C’est dommage car l’article dont Our Friend est adapté est sans doute d’une intensité assez incroyable, et c’est cette intensité que la réalisatrice a voulu transposer au cinéma. Sauf qu’il n’est malheureusement disponible qu’en SVOD. Sur grand écran dans les salles obscures, son visionnage aurait certainement gagné en puissance, mais sur la télé dans son salon, sa raison d’être est malheureusement plus discutable. Par ailleurs le point de vue adopté laisse à désirer. La narration évolue en changeant de date régulièrement et de manière très intempestive. Avant le diagnostic, après, avant, après et bis repetita à des dates diverses. Ce ressort scénaristique peu probant rend le visionnage incompréhensible et indigeste en plus de n’avoir aucune véritable raison d’exister. Cela n’apporte franchement rien au long métrage excepté un effet de mise en scène pour complexifier une histoire finalement très simple et assez convenue dès le début. On se sent simplement moins investi en tant que spectateur car l’effet, très vite redondant, devient également rebutant. Outre rendre encore plus dramatique une histoire qui l’était bien assez, d’autres propositions auraient pu rendre le long-métrage plus intrigant. Plutôt que de suivre le trio comme un tout, il aurait peut-être été préférable de choisir un point de vue en particulier, quitte à le changer lors des grands chapitres de la vie de chacun. La quête solitaire de Dane par exemple est un chapitre fort de sa vie, mais son introduction et sa narration laisse à désirer car elle n’est pas forcément bien amenée. C’est triste à dire, mais l’une des scènes les plus marquantes et triste du long-métrage est finalement l’euthanasie du pauvre petit Carlin, scène qui n’était déjà pas forcément très bien exploitée.

Dans tout cela, et encore plus pour nous autre, public français, Our Friend ne se démarque en rien de ses pairs du cinéma dramatique.

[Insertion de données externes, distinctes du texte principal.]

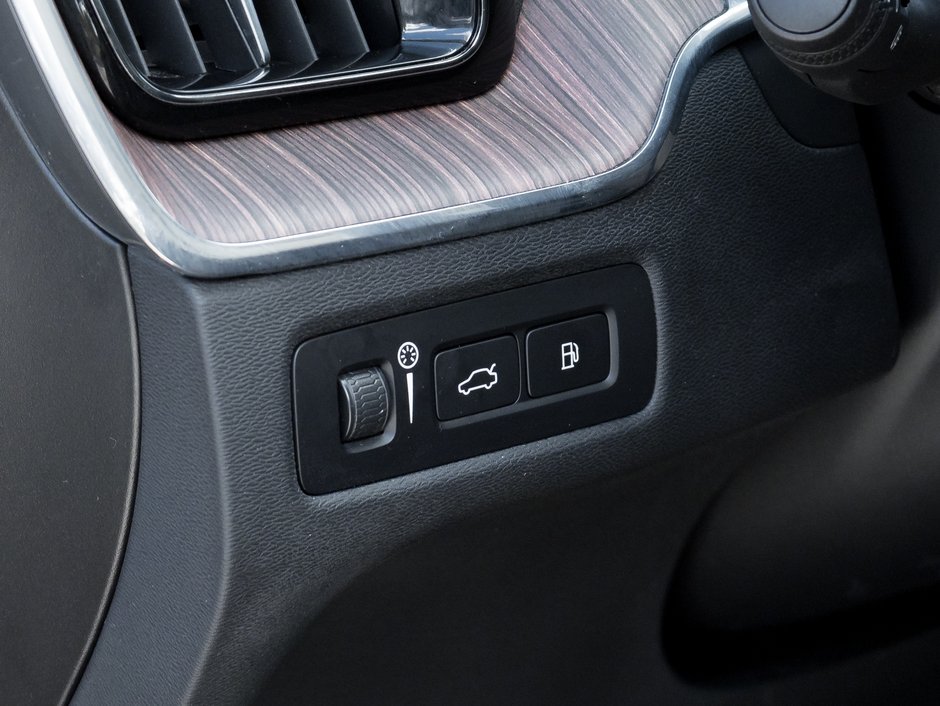2022 Volvo XC60 Recharge T8 eAWD PHEV Inscription Expression-PREMIUM PACK-16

Du côté francophone, on en connaît un rayon sur les drames familiaux dans lesquels le père est un alcoolique, la mère est orpheline de naissance, l’oncle sort de 18 années de prison pour un crime qu’il n’a pas commis, le fils se fait racketter tous les matins et victimiser par ses camarades de classe, la fille s’est faite violer le mois dernier et le dernier est un bébé mort-né… La tristesse n’est pas forcément notre carte maîtresse mais c’est presque notre quotidien après les comédies raciales. Finalement, Our Friend se livre comme un drame banal, n’offrant rien de très innovant et se trouvant être plus déprimant que réconfortant comme il semble vouloir se vendre. La présence d’un acteur plutôt comique n’aide pas cette histoire à détendre l’atmosphère. Il en résulte cette désagréable sensation de passer complètement à côté d’une histoire particulièrement belle.